### EXERCISE REQUIREMENTS
Transcribe the entries exactly. Start at the top, stop after the line with "DoubleLine CEO Jeffrey", and omit every picture.

### EXTRACTED MATERIAL

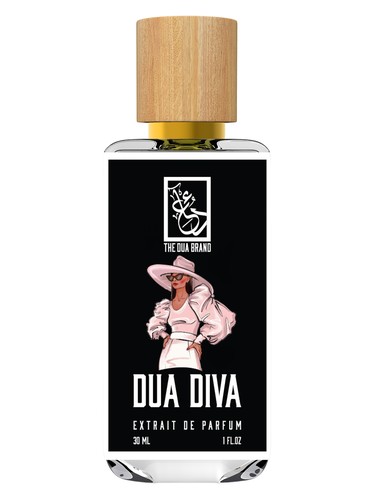 Frasco de Dua Diva, de The Dua Brand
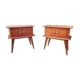 Scandinavian vintage night tables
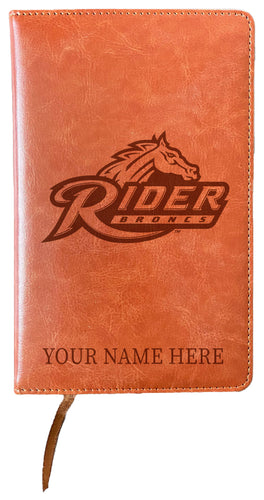 Rider University Broncs Customizable Engraved 8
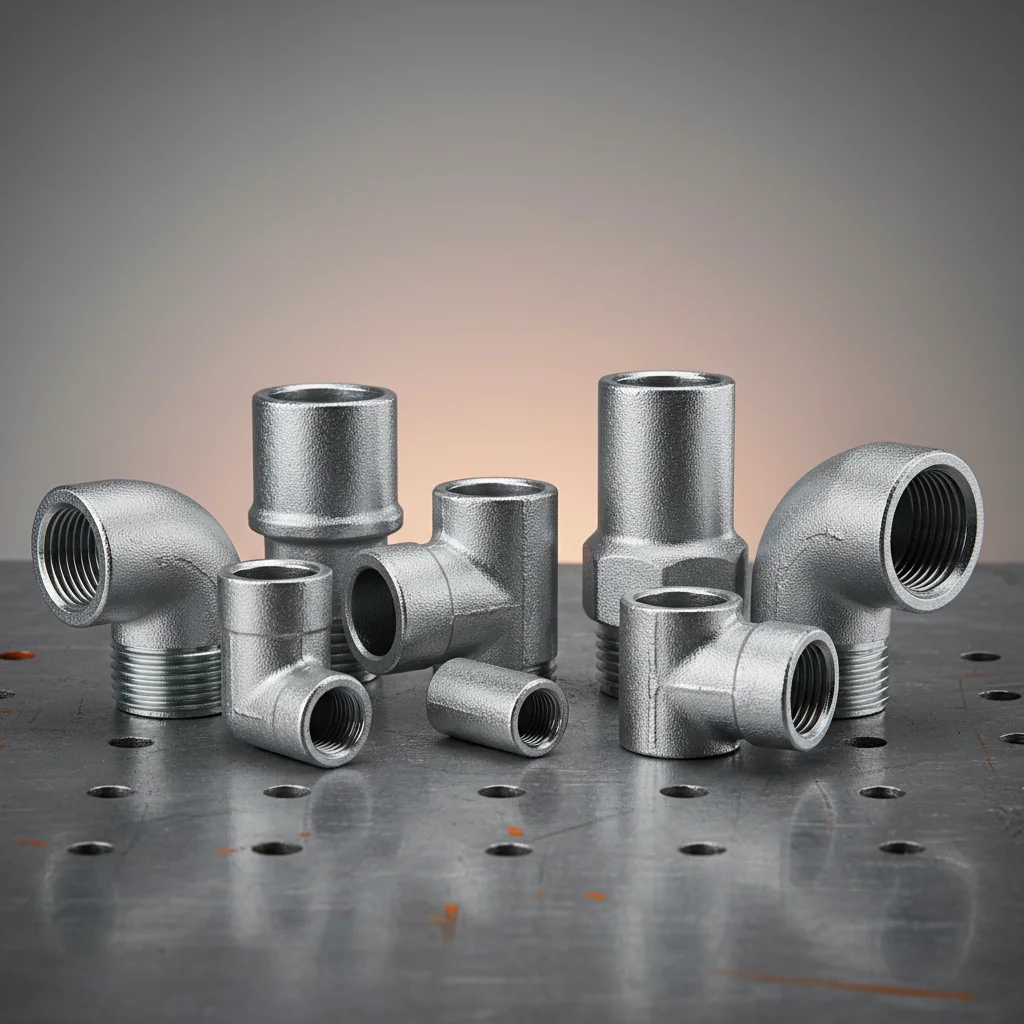 Comprehensive Guide to 1 1/2 Inch Galvanized Pipe Fittings and Their Applications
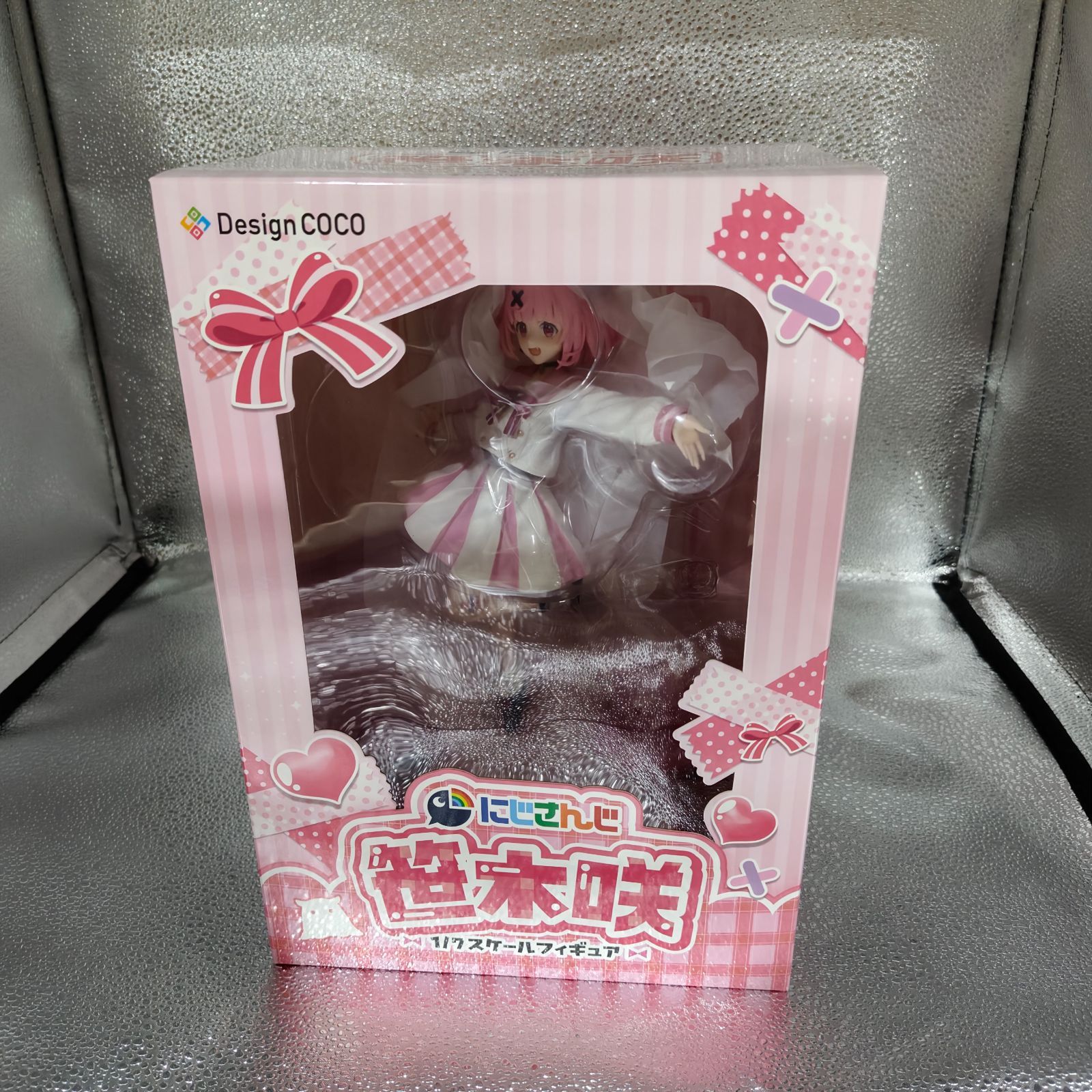 にじさんじ 笹木咲 1/7スケールフィギュア - メルカリ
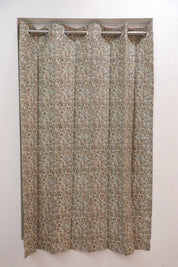 Pure Linen Handcrafted Block Print Curtain-Qudrat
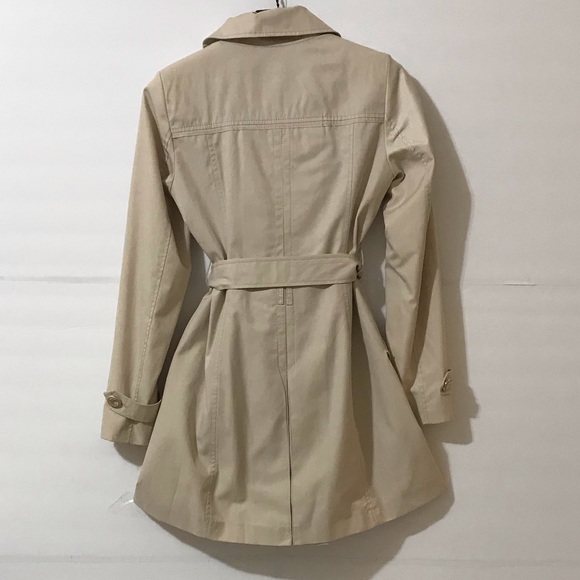 Vince Camuto Coat Beige SP - Picture 6 of 11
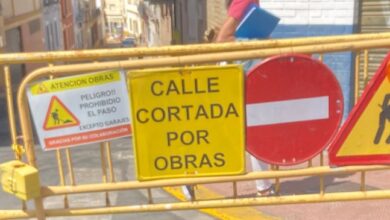 Caos circulatorio en Calle Callejuela del Carmen y aledaños.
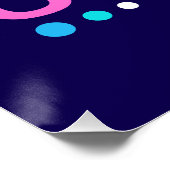 Poster Joyeux Anniversaire Équipe de sirène 68296 (Coin)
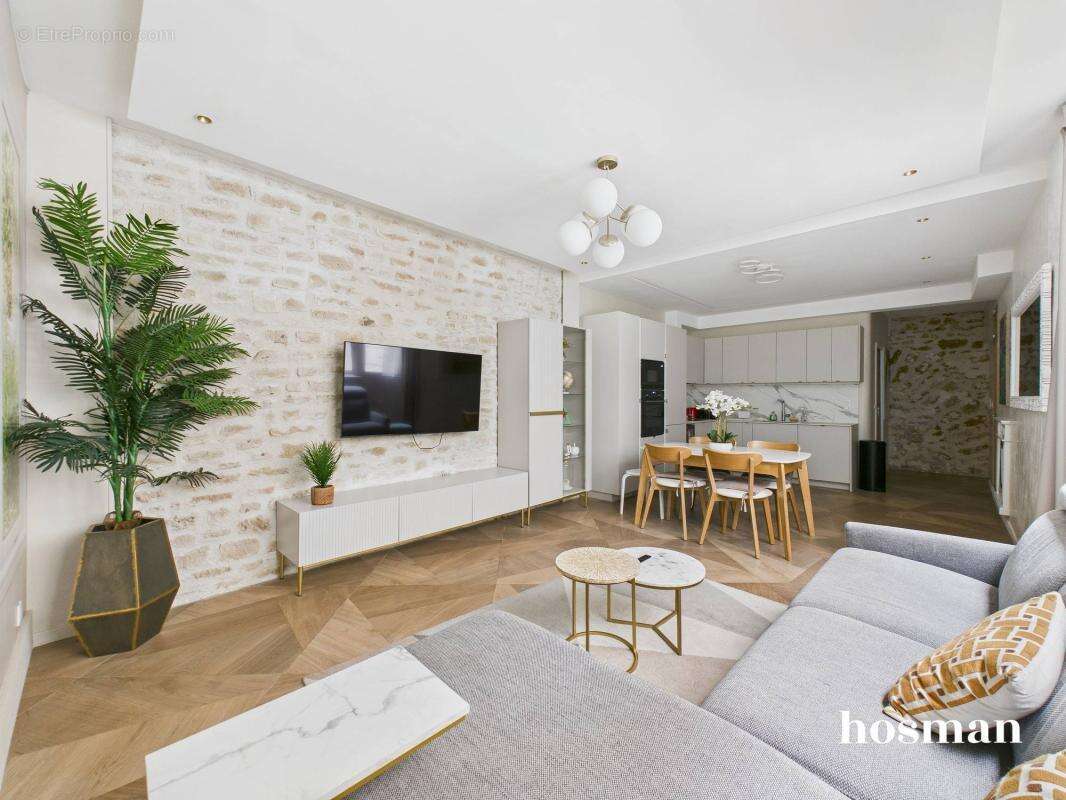Appartement à PARIS-20E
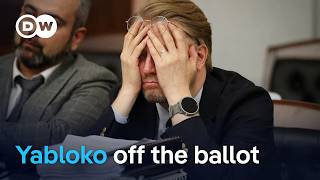 Court rulings against Yabloko highlight the shrinking space for anti-war voices in Russia | DW News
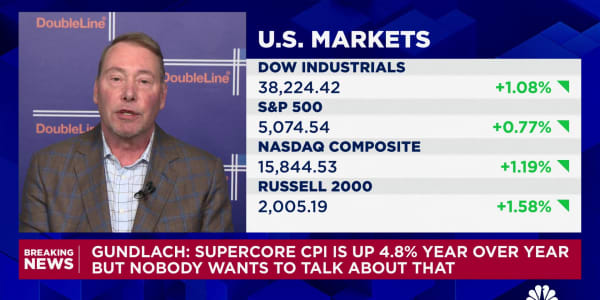 DoubleLine CEO Jeffrey Gundlach: The base case for 2024 now is one rate cut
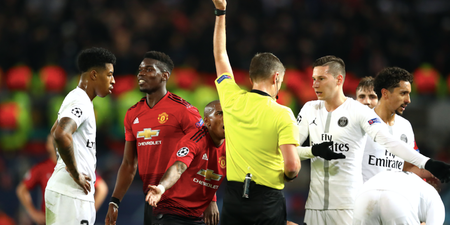 Paul Pogba did not deserve second yellow card, argues Mark Clattenburg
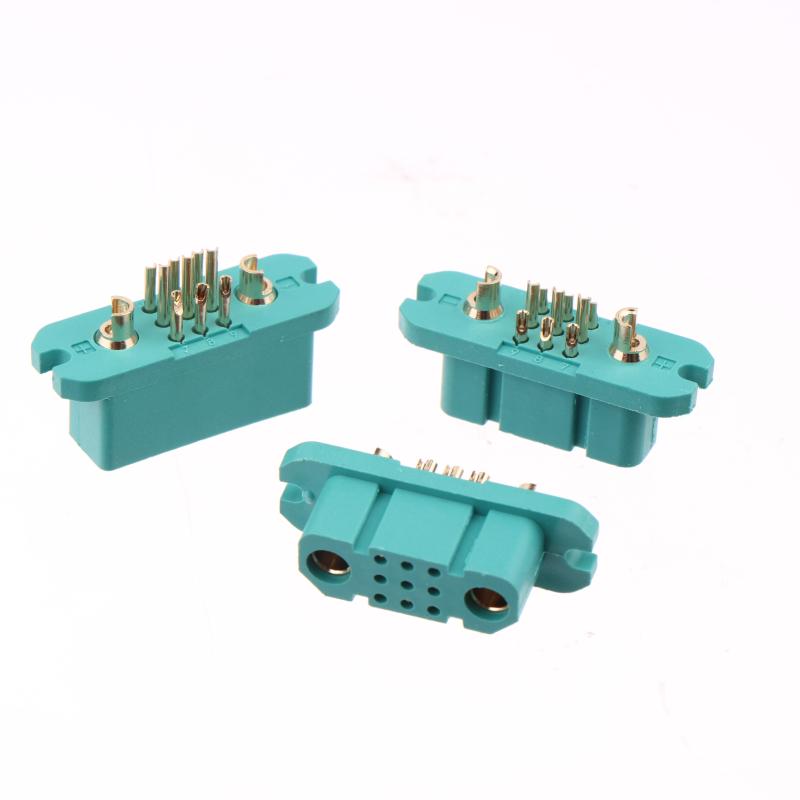 Hy2+9 Connector Servo Extension Male Female Plug Signal For Rc Fixed-Wing Airplane Turbine Jet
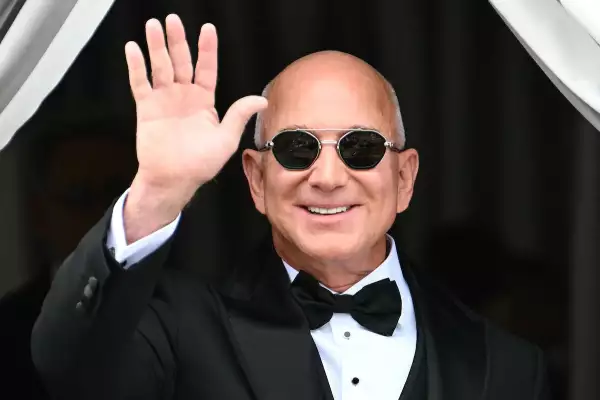 Fotos de la boda de Jeff Bezos y Lauren Sánchez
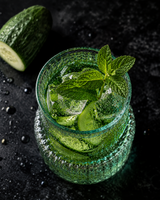 Beaker Glass | Premium Laboratory-Style Glassware for Cocktails, Mocktails & Cold Beverages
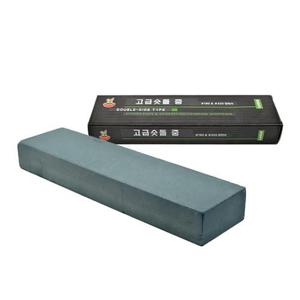 삼덕 우질금강 고급숫돌 (중) 180방 320방 양면석 칼갈이 숫돌 WFN63BR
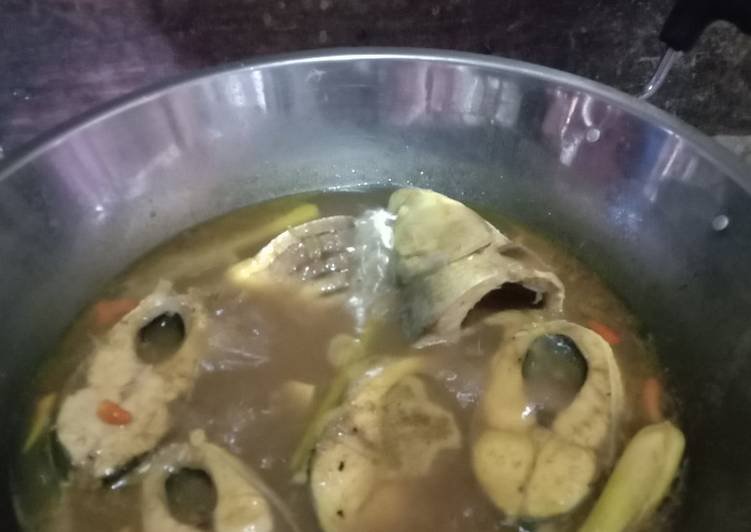 Resep Ikan pallu mara yang Bikin Ngiler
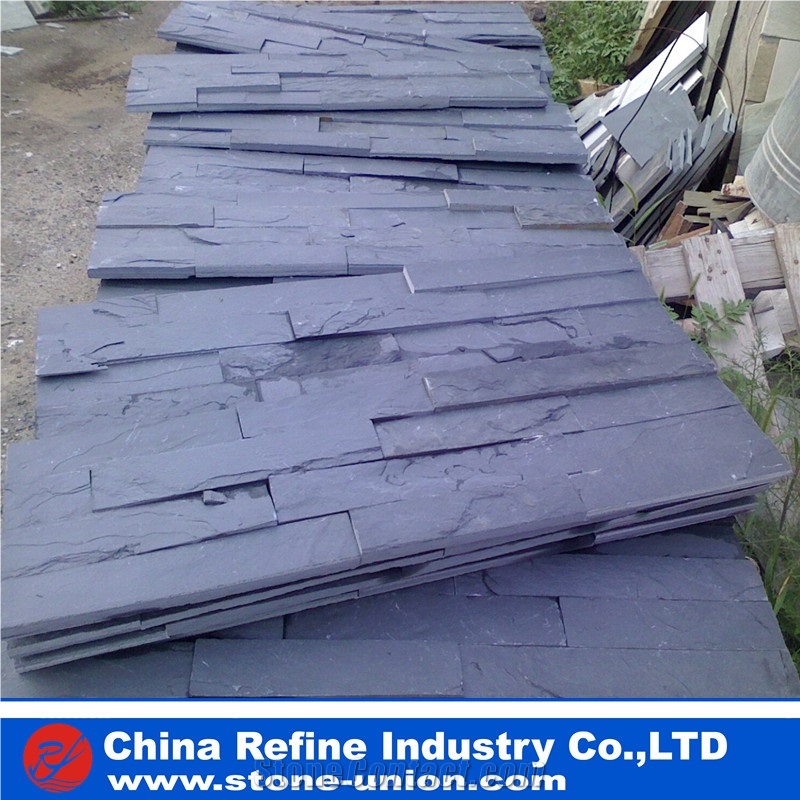 Black Slate Flagstone, Black Slate Irregular Tile, Black Slate Crazy Paving, Black Culture Stone,Patio Pavers,Stone Flooring,Walkway Pavers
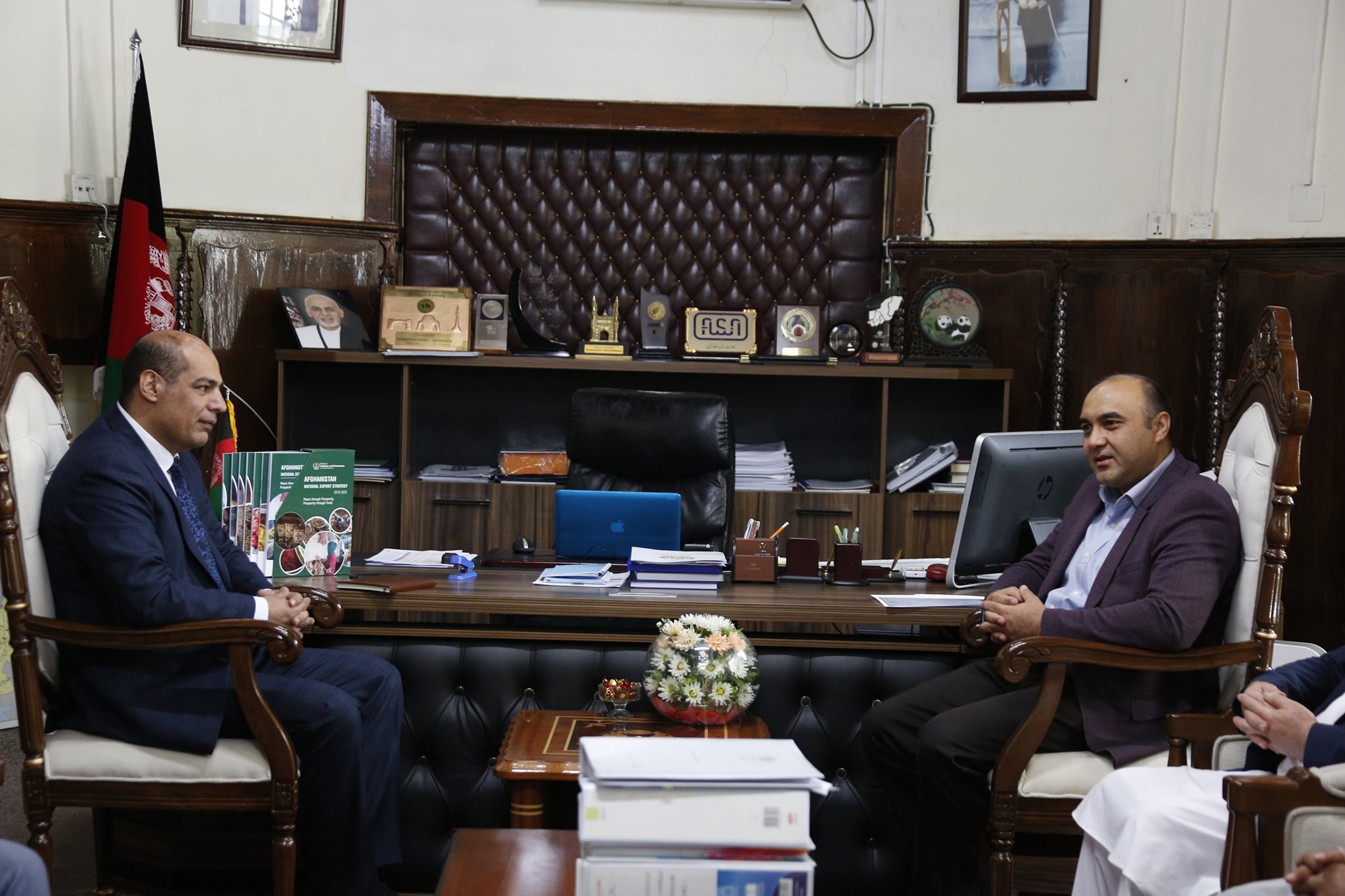 وزارت صنعت و تجارت به ارزش ۸۲ میلیون افغانی در فاز دوم پارک صنعتی امیر علی شیرنوایی هزینه می‌نماید.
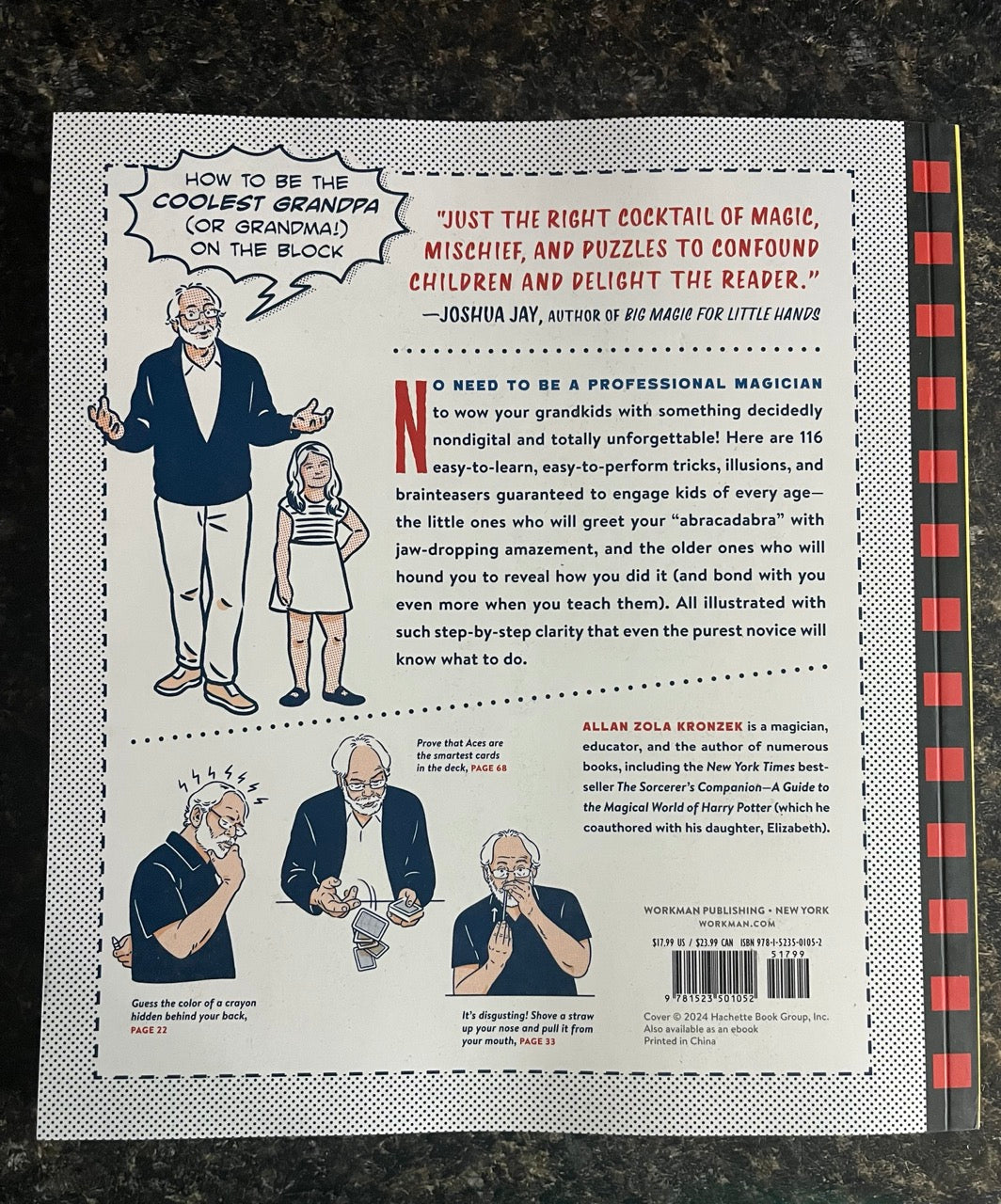 Grandpa Magic - Allan Zola Kronzek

### ANSWER FOR THE TASK
 Frasco de Dua Diva, de The Dua Brand
 Scandinavian vintage night tables
 Rider University Broncs Customizable Engraved 8
 Comprehensive Guide to 1 1/2 Inch Galvanized Pipe Fittings and Their Applications
 にじさんじ 笹木咲 1/7スケールフィギュア - メルカリ
 Pure Linen Handcrafted Block Print Curtain-Qudrat
 Vince Camuto Coat Beige SP - Picture 6 of 11
 Caos circulatorio en Calle Callejuela del Carmen y aledaños.
 Poster Joyeux Anniversaire Équipe de sirène 68296 (Coin)
Appartement à PARIS-20E
 Court rulings against Yabloko highlight the shrinking space for anti-war voices in Russia | DW News
 DoubleLine CEO Jeffrey Gundlach: The base case for 2024 now is one rate cut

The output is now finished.